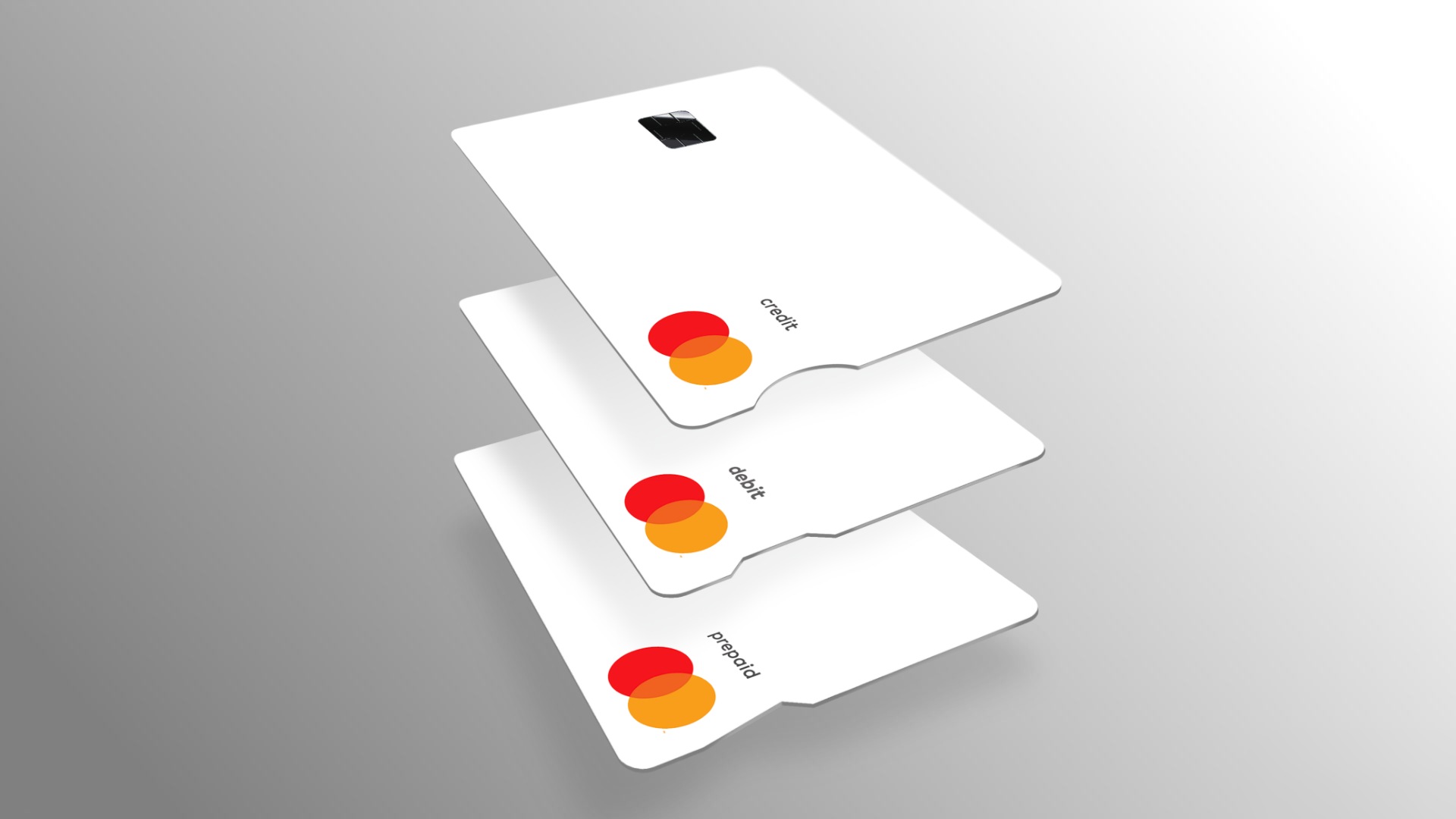 mastercard touch card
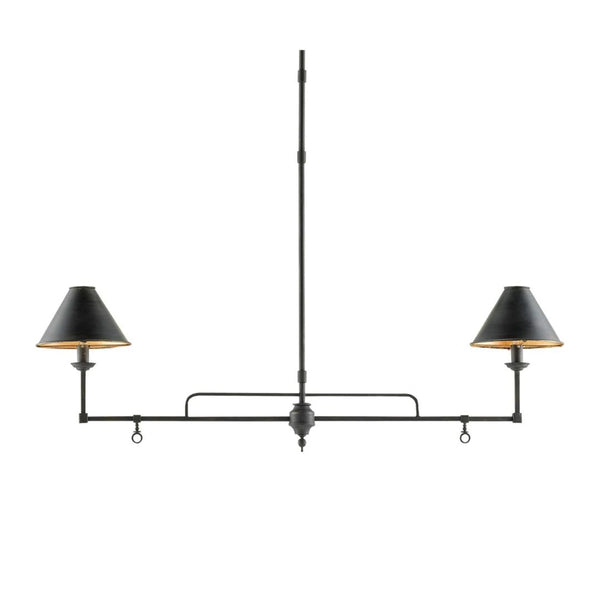 Sawyer Chandelier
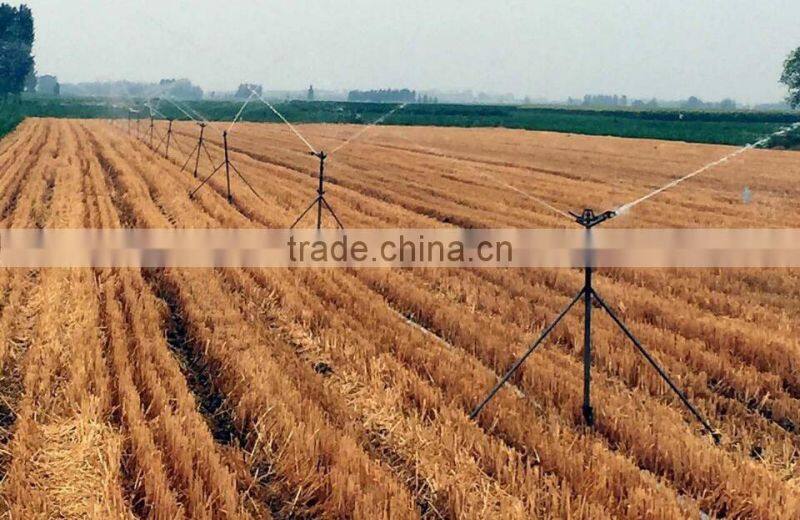 PY20 farm irrigation system,irrigation sprinkler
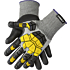 7202 Impact gloves Nitrile CUT C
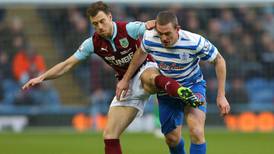 Richard Dunne in angry exchange of words with QPR fans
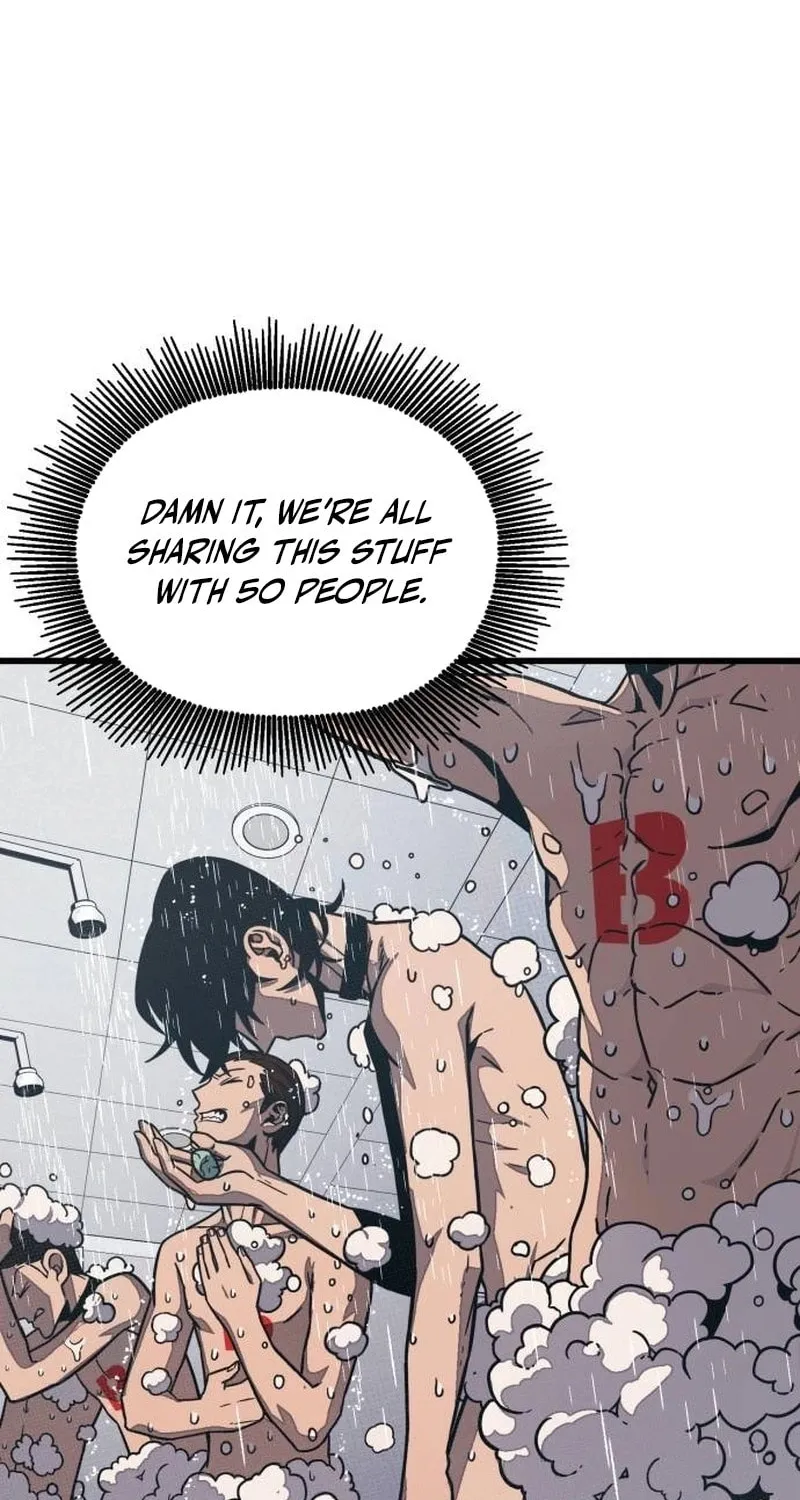Read Rehabilitation Classroom chapter 4 image 75 on Lezhin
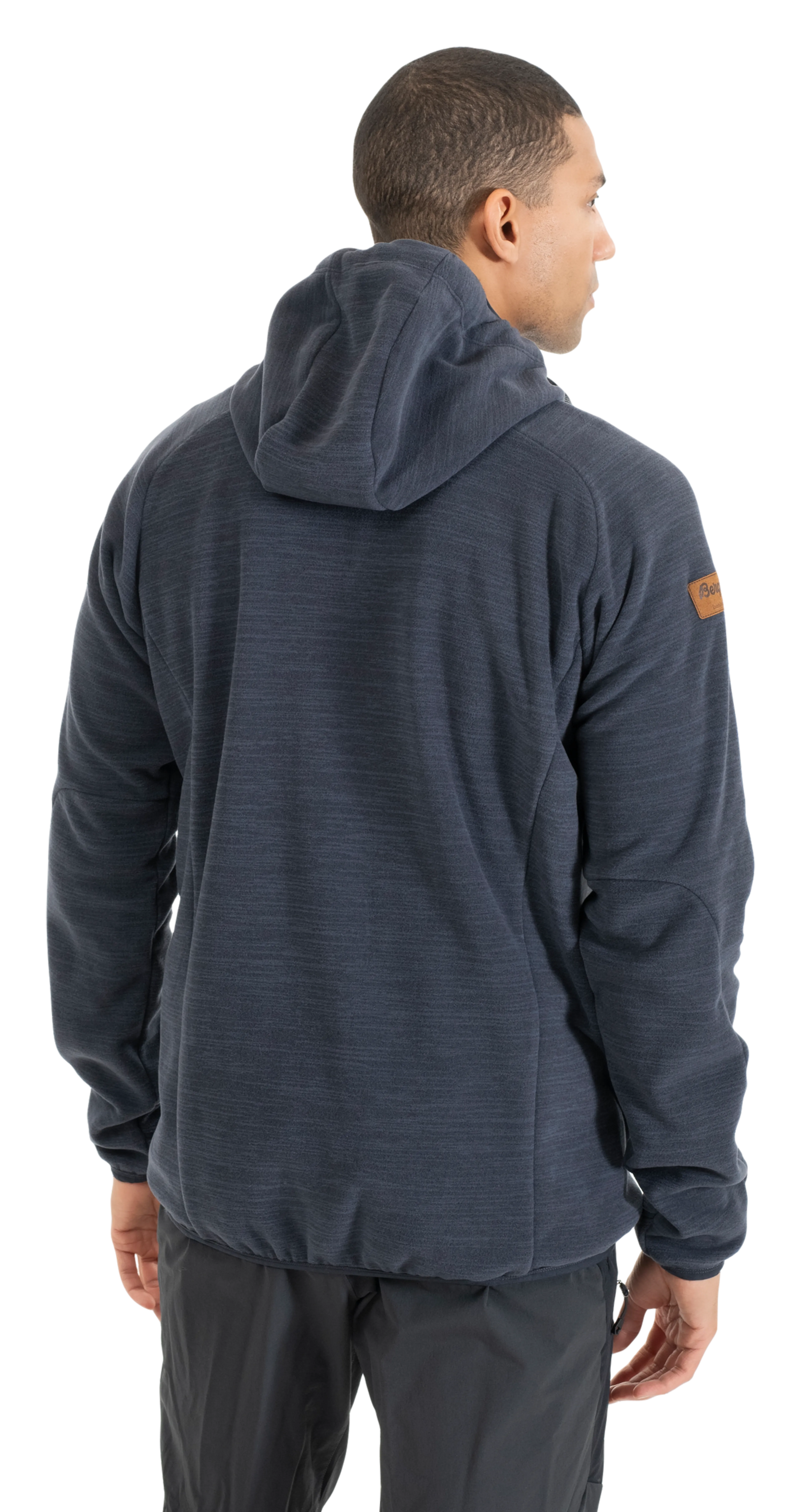 Hareid Fleece Jakke Hareid Fleece Jakke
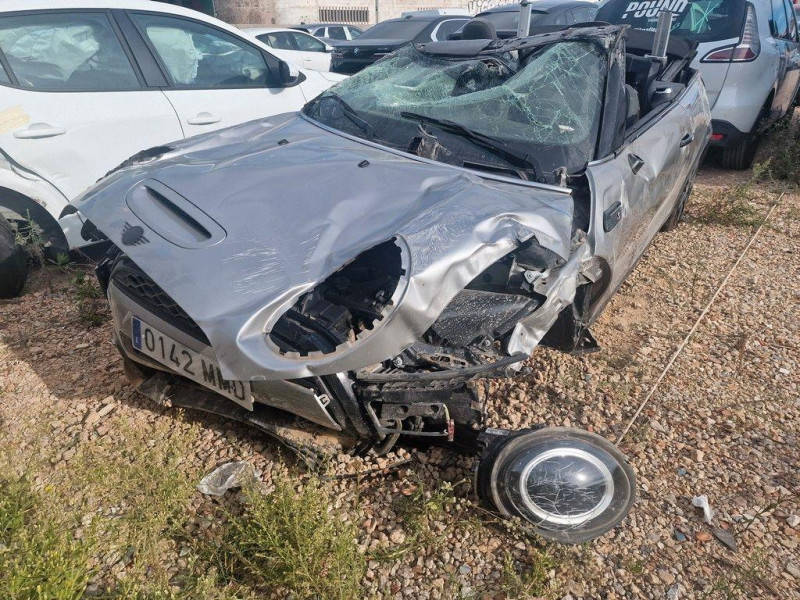 Mini Mini S 178 CH BVA  occasion � L'Union - photo n�3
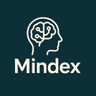 Mindex logo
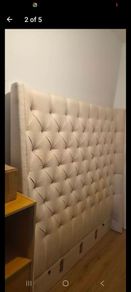 bed superking size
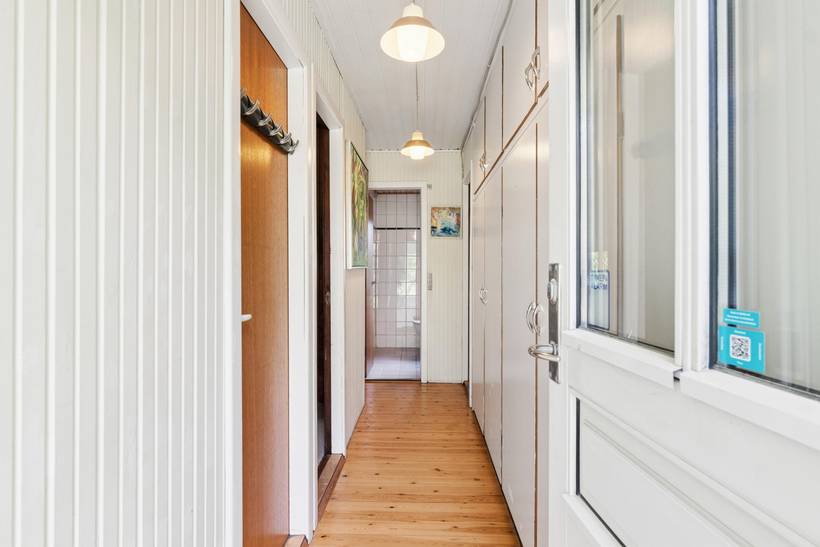 Foto von Ferienhaus HW95 in Rørvig - Westseeland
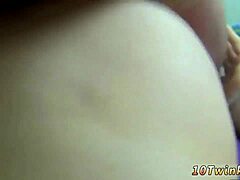 Teen Cute Boy Gay Sex Movie And Uncut Only Two Boys Filming!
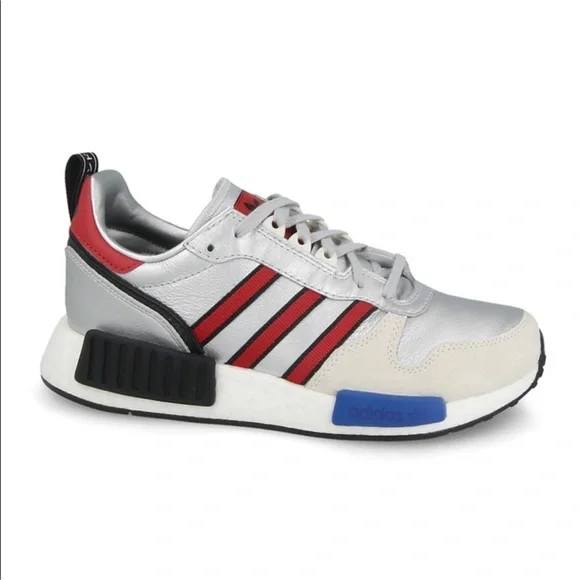 adidas risingstar R1 adidas Rising Star X R1 Never Made Pack Men\u0027s - G26777 - US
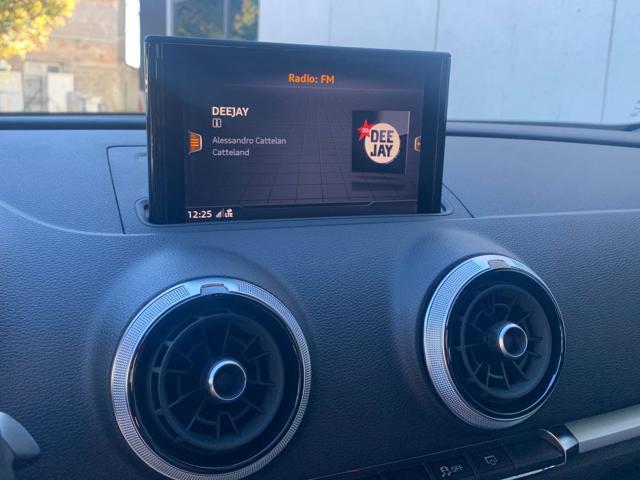 AUDI A3 SPB 30 g-tron S tronic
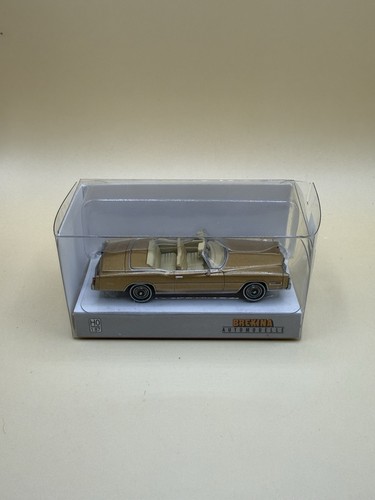 Top brekina 19752 cadillac - 19752,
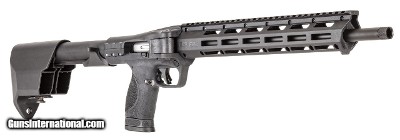 Smith & Wesson S&W MP FPC 9MM 16.5B 23RD 9MM Semi-Auto 16.25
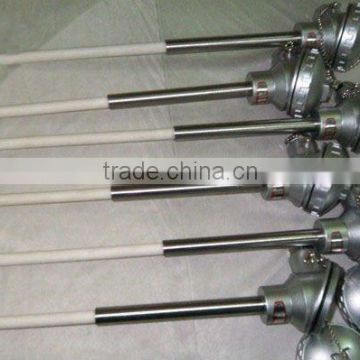 S type thermocouple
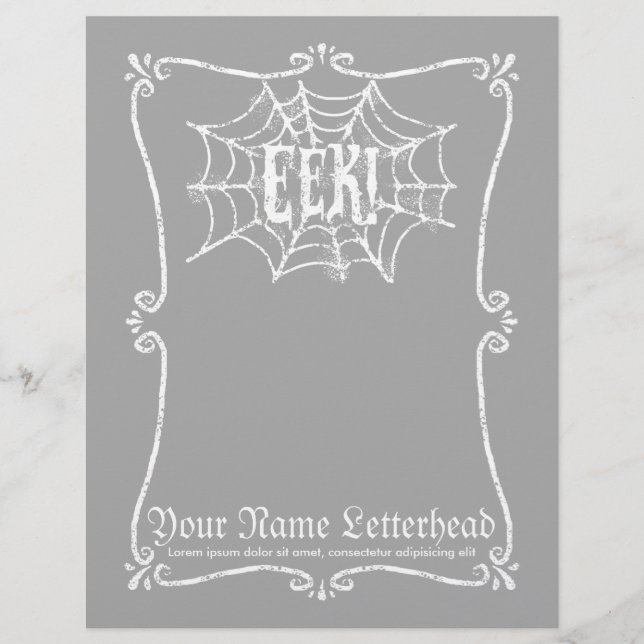 Cobweb EEK (Framsida)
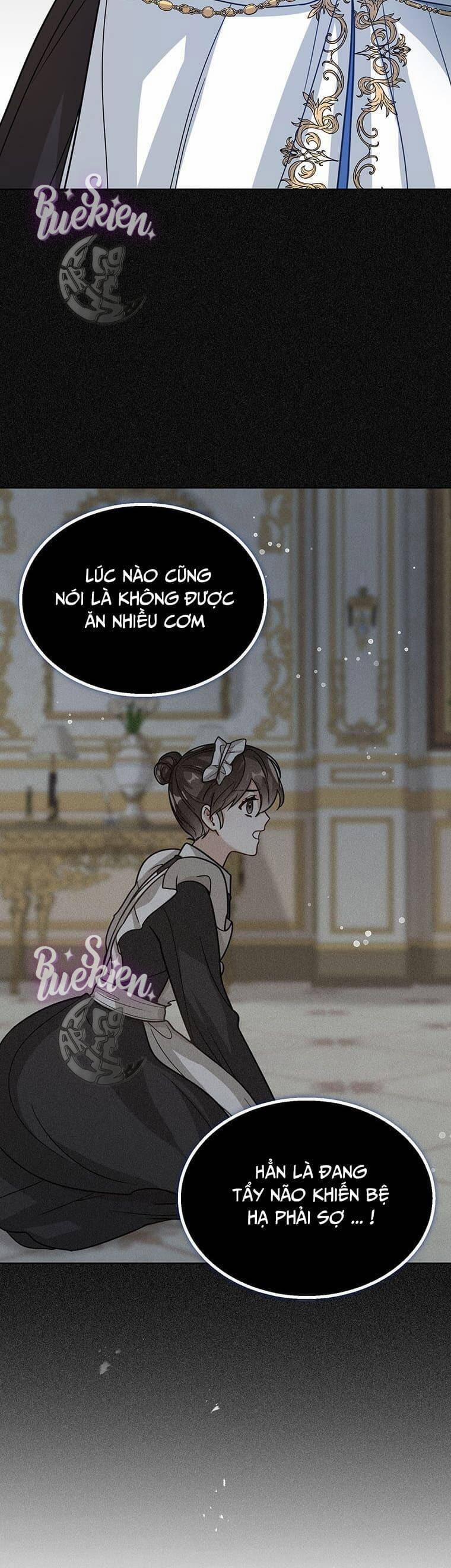 Công Chúa Bé Con Nhìn Vào Cửa Sổ Trạng Thái 14 trang 35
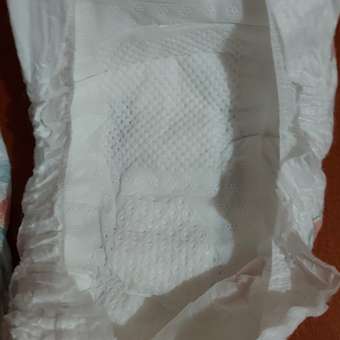 Подгузники Huggies Elite Soft 3 (5-9 кг) 72 шт.: отзыв пользователя Детский Мир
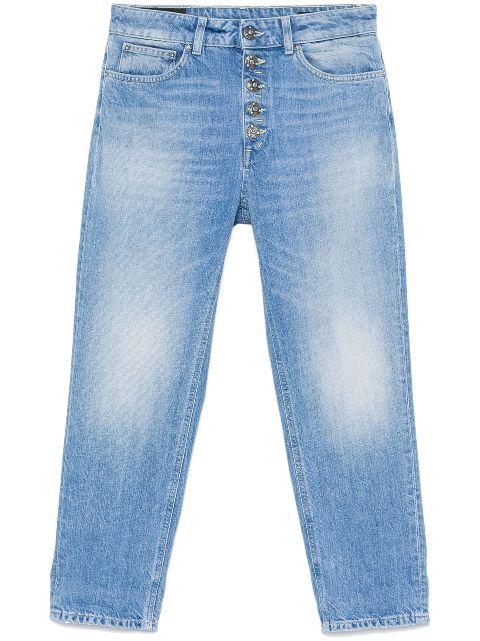 Koons jeans by DONDUP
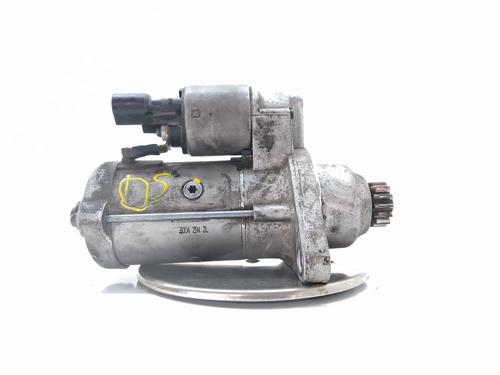 Used Starter SEAT LEON ST (5F8) 1.6 TDI (105 hp) 27474042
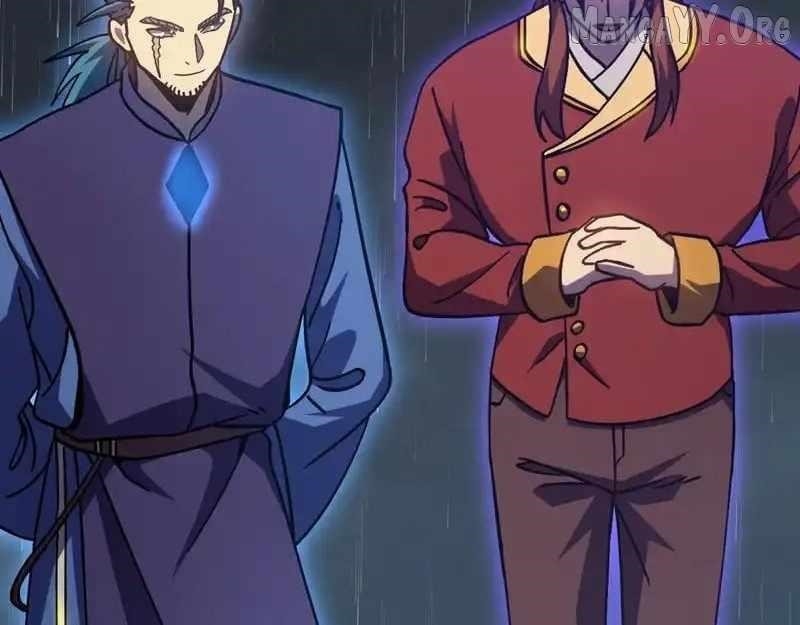 Logging 10,000 Years into the Future - Chapter 275 Page 47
···
**What is being asked:** Your copy should hold exactly the lines from the one with "Foto von Ferienhaus" through the end of the records, both included, and no pictures.

**Solution for this exercise:**
 Foto von Ferienhaus HW95 in Rørvig - Westseeland
 Teen Cute Boy Gay Sex Movie And Uncut Only Two Boys Filming!
 adidas risingstar R1 adidas Rising Star X R1 Never Made Pack Men\u0027s - G26777 - US
 AUDI A3 SPB 30 g-tron S tronic
 Top brekina 19752 cadillac - 19752,
 Smith & Wesson S&W MP FPC 9MM 16.5B 23RD 9MM Semi-Auto 16.25
 S type thermocouple
 Cobweb EEK (Framsida)
 Công Chúa Bé Con Nhìn Vào Cửa Sổ Trạng Thái 14 trang 35
 Подгузники Huggies Elite Soft 3 (5-9 кг) 72 шт.: отзыв пользователя Детский Мир
 Koons jeans by DONDUP
 Used Starter SEAT LEON ST (5F8) 1.6 TDI (105 hp) 27474042
 Logging 10,000 Years into the Future - Chapter 275 Page 47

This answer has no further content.